▶ [Provided information]
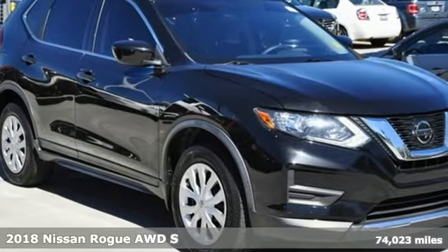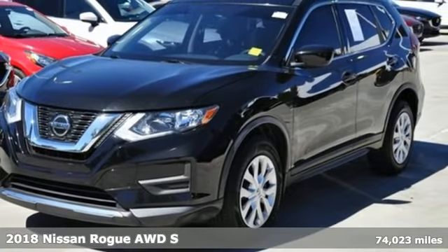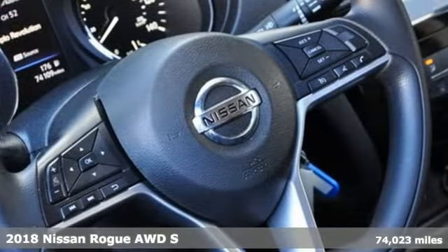It's a 2018 Nissan Rogue. Long, tall, or wide, there's plenty of cargo and passenger space inside this sharp-looking crossover.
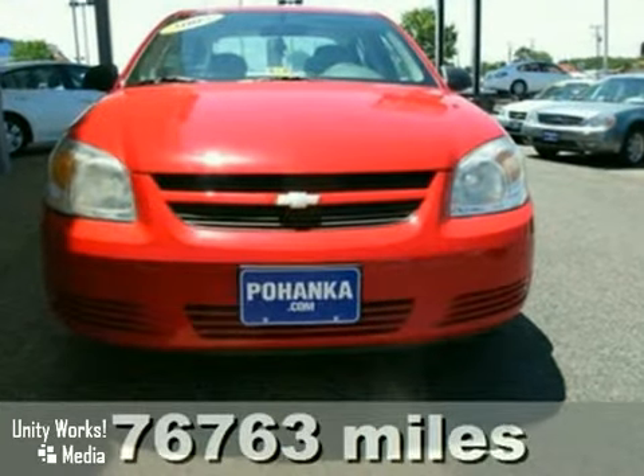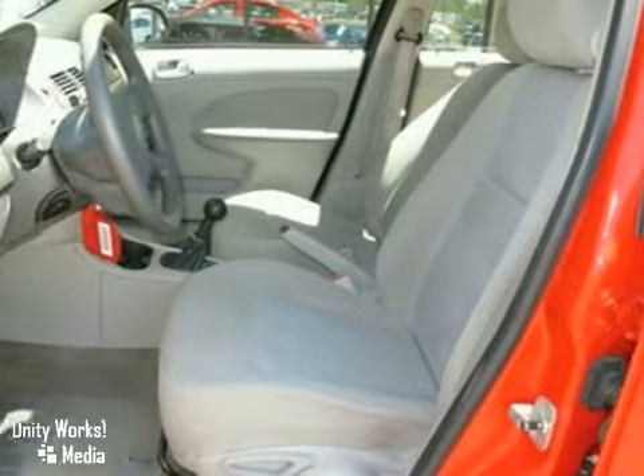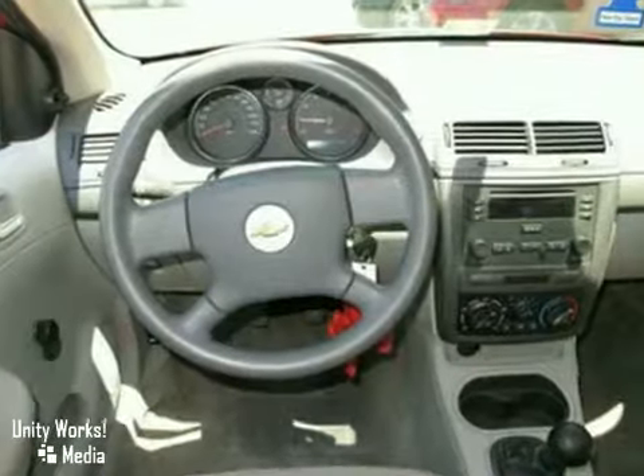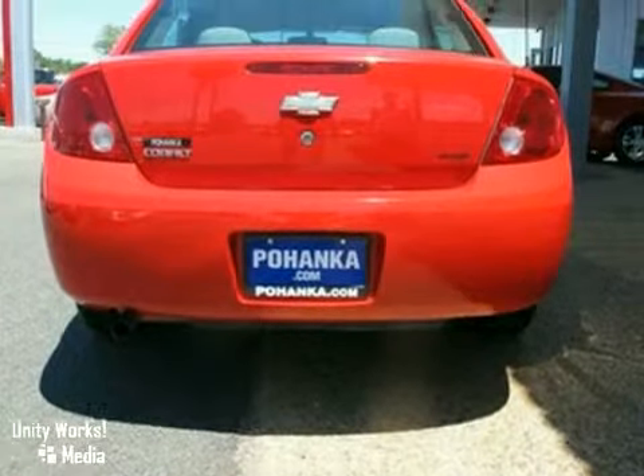It features daytime running lights, intermittent wipers, and dual airbags. It also has air conditioning, a CD player, and pass-through rear seat. The anti-theft system makes this vehicle hard to pass up. It gets great fuel economy and is a good first vehicle or for commuting.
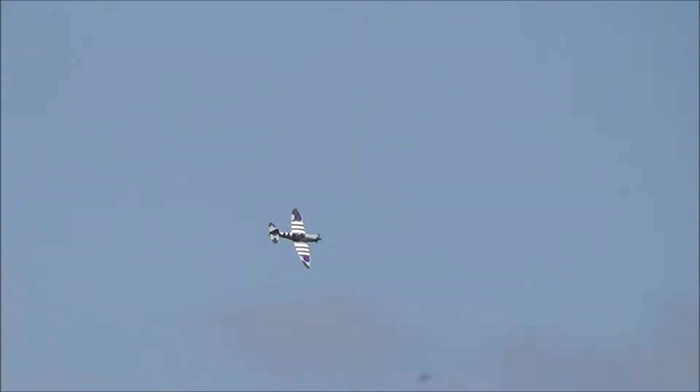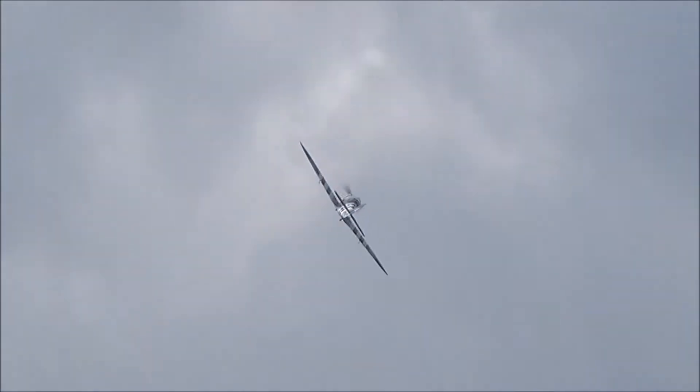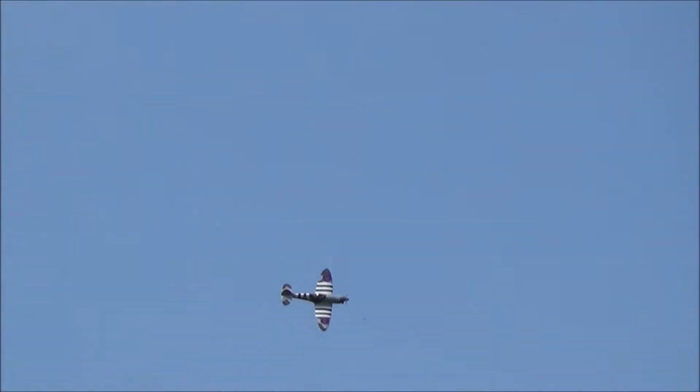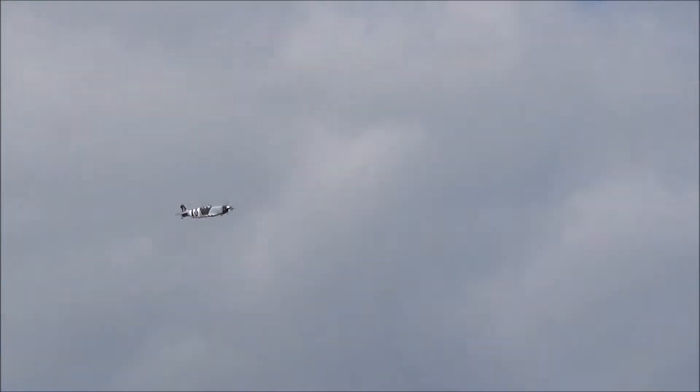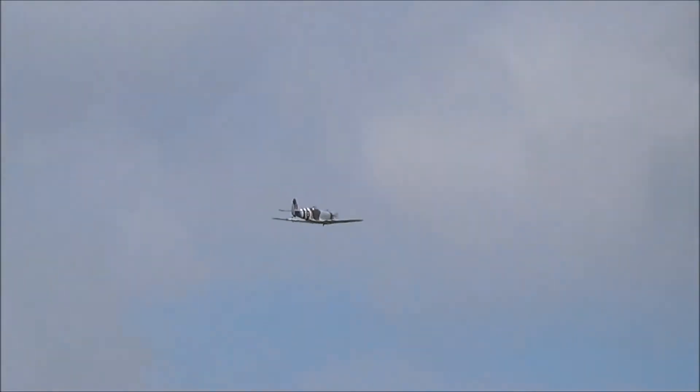It really is. Do the retracts make it fly a little better, getting them out of the wind? Yeah. It really cuts down the drag.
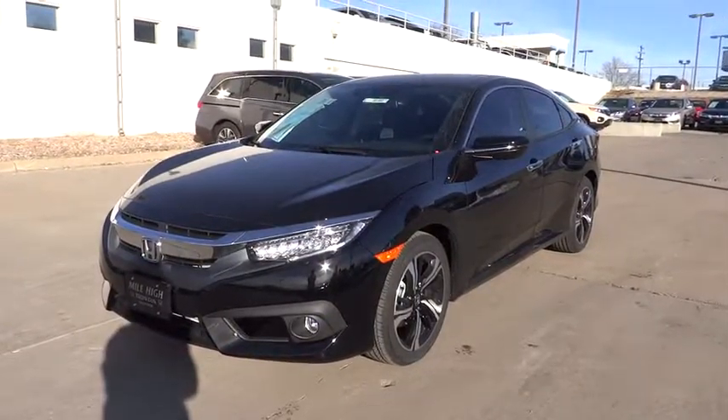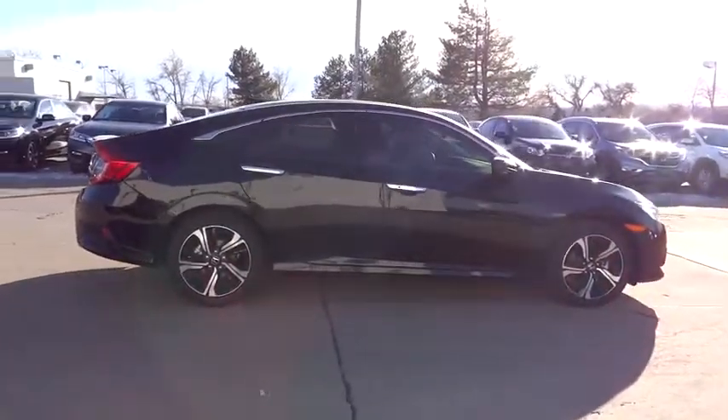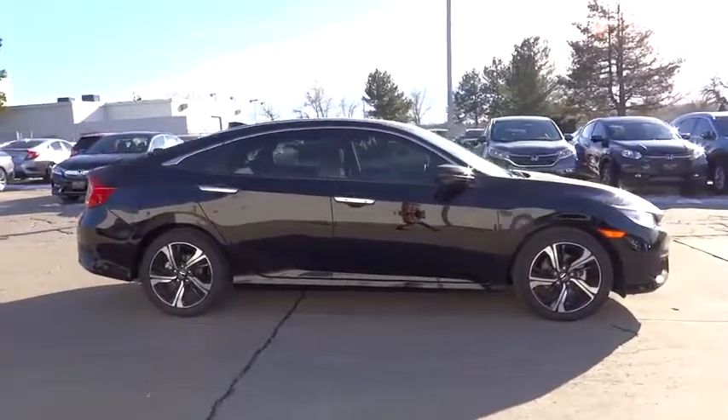The 2017 Honda Civic. Honda Civic: practical, awesome gas mileage, and incredibly reliable. Here are some of this vehicle's great options.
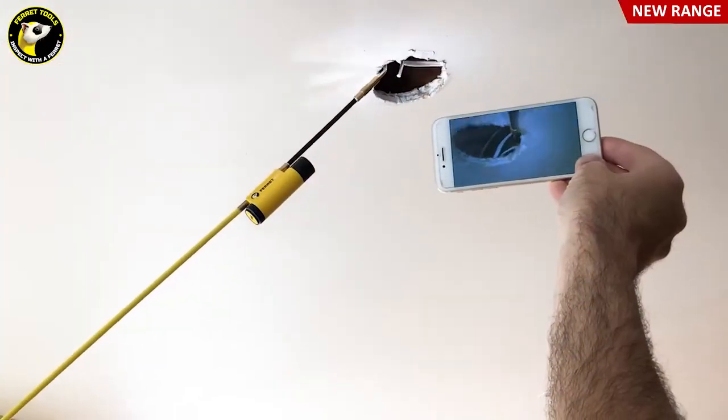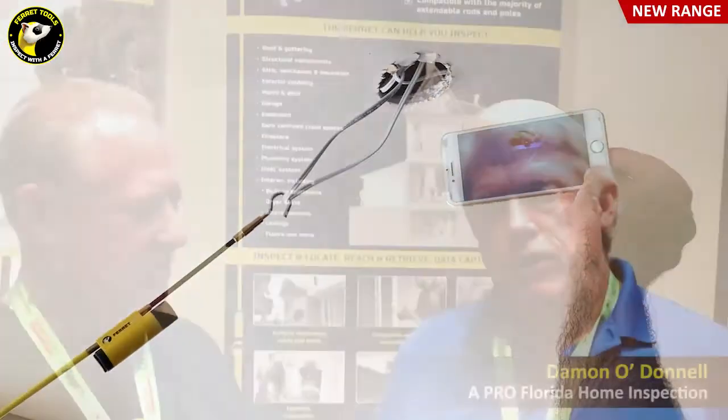We use the hook to pull back the insulation to get a better look. We put the hook on an extended pole so that we can pull back the insulation and actually see the clips. It comes with all sorts of really cool attachments that you can configure — we've done chimney inspections with it too.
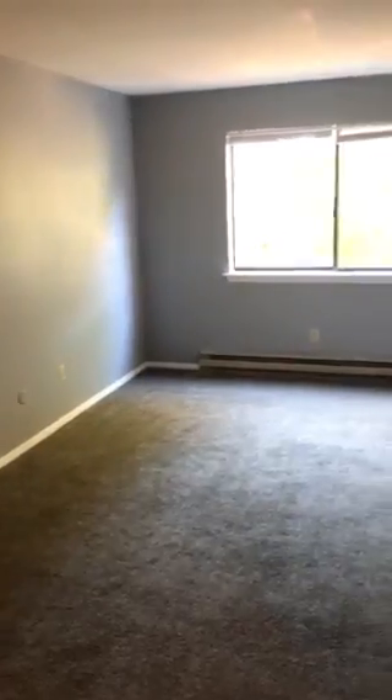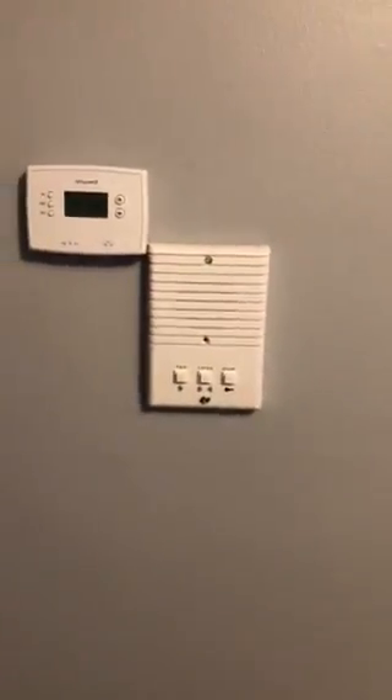Pretty big closet space right there. This apartment has gas heat and central air, tons of wall space, plenty of outlets. It's all cable-ready. The windows come with mini blinds. There's your thermostat and your intercom system for your doorbell.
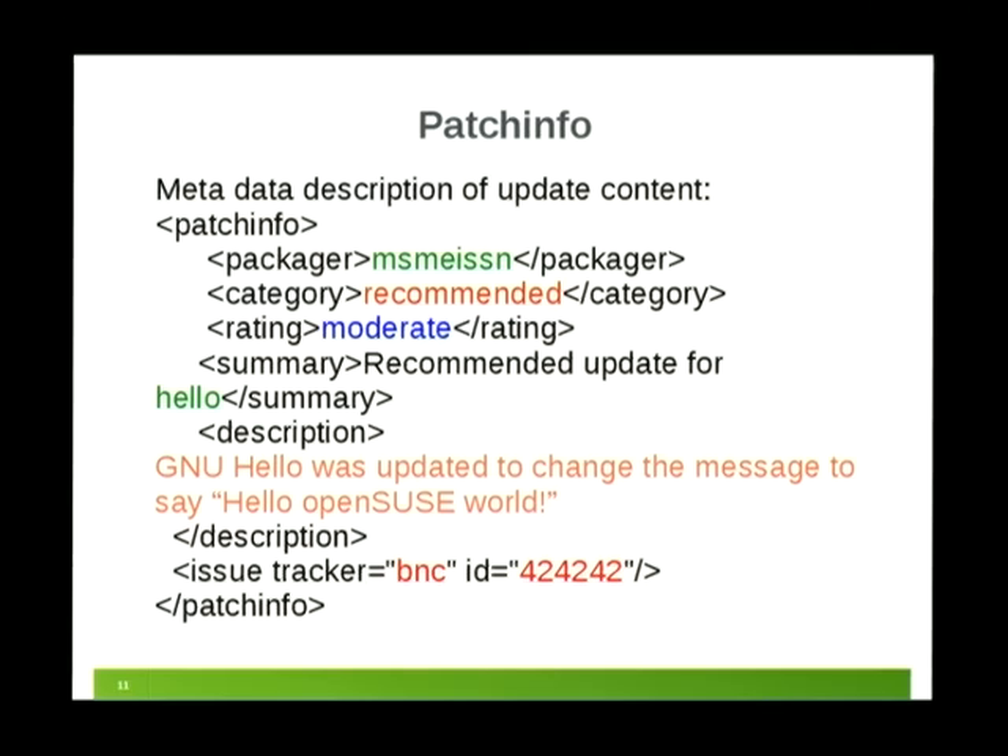The patch info is a bit of XML. You can write it with the 'osc patchinfo' command, or we will write it if it's not present. It says who the packager is, the category of the update — either recommended or security, with an optional category — and the rating, which is mostly relevant for security updates: critical, important, moderate, or low. There's a summary line printed in YaST Online Update and in the update info, plus a long description. We also list in a special issue list the bugs and CVEs that are fixed, represented in special metadata in the YUM repository.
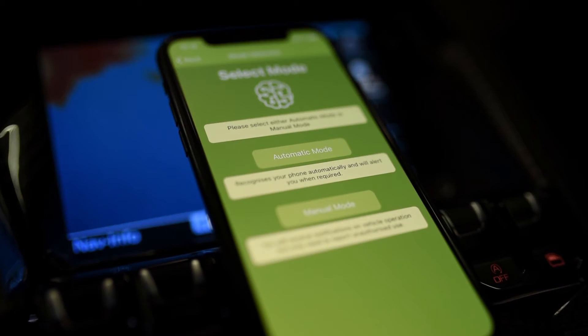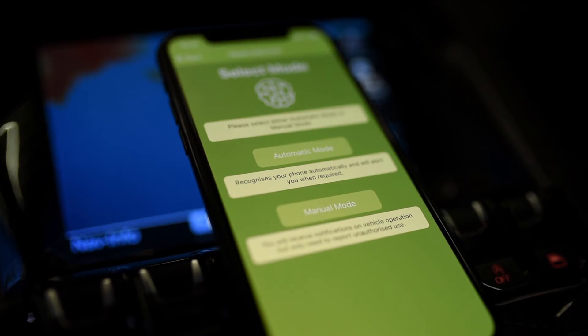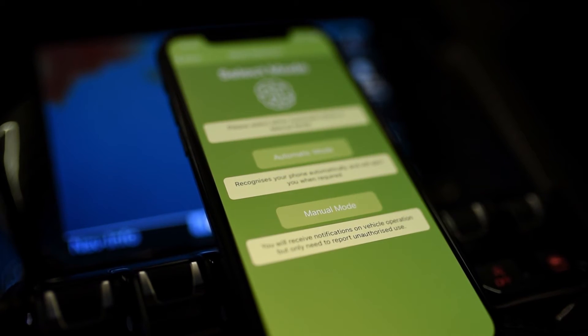There are two modes within the app: automatic and manual. In automatic mode, the alerts disappear without any intervention from the user. With manual mode active, the vehicle alerts push through to your mobile device for you to confirm that everything is safe.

▶ [Exercise prompt]
Set down every record exactly, without the pictures.

▶ [Finished task]
It's a 2018 Nissan Rogue. Long, tall, or wide, there's plenty of cargo and passenger space inside this sharp-looking crossover.
It features daytime running lights, intermittent wipers, and dual airbags. It also has air conditioning, a CD player, and pass-through rear seat. The anti-theft system makes this vehicle hard to pass up. It gets great fuel economy and is a good first vehicle or for commuting.
It really is. Do the retracts make it fly a little better, getting them out of the wind? Yeah. It really cuts down the drag.
The 2017 Honda Civic. Honda Civic: practical, awesome gas mileage, and incredibly reliable. Here are some of this vehicle's great options.
We use the hook to pull back the insulation to get a better look. We put the hook on an extended pole so that we can pull back the insulation and actually see the clips. It comes with all sorts of really cool attachments that you can configure — we've done chimney inspections with it too.
Pretty big closet space right there. This apartment has gas heat and central air, tons of wall space, plenty of outlets. It's all cable-ready. The windows come with mini blinds. There's your thermostat and your intercom system for your doorbell.
The patch info is a bit of XML. You can write it with the 'osc patchinfo' command, or we will write it if it's not present. It says who the packager is, the category of the update — either recommended or security, with an optional category — and the rating, which is mostly relevant for security updates: critical, important, moderate, or low. There's a summary line printed in YaST Online Update and in the update info, plus a long description. We also list in a special issue list the bugs and CVEs that are fixed, represented in special metadata in the YUM repository.
There are two modes within the app: automatic and manual. In automatic mode, the alerts disappear without any intervention from the user. With manual mode active, the vehicle alerts push through to your mobile device for you to confirm that everything is safe.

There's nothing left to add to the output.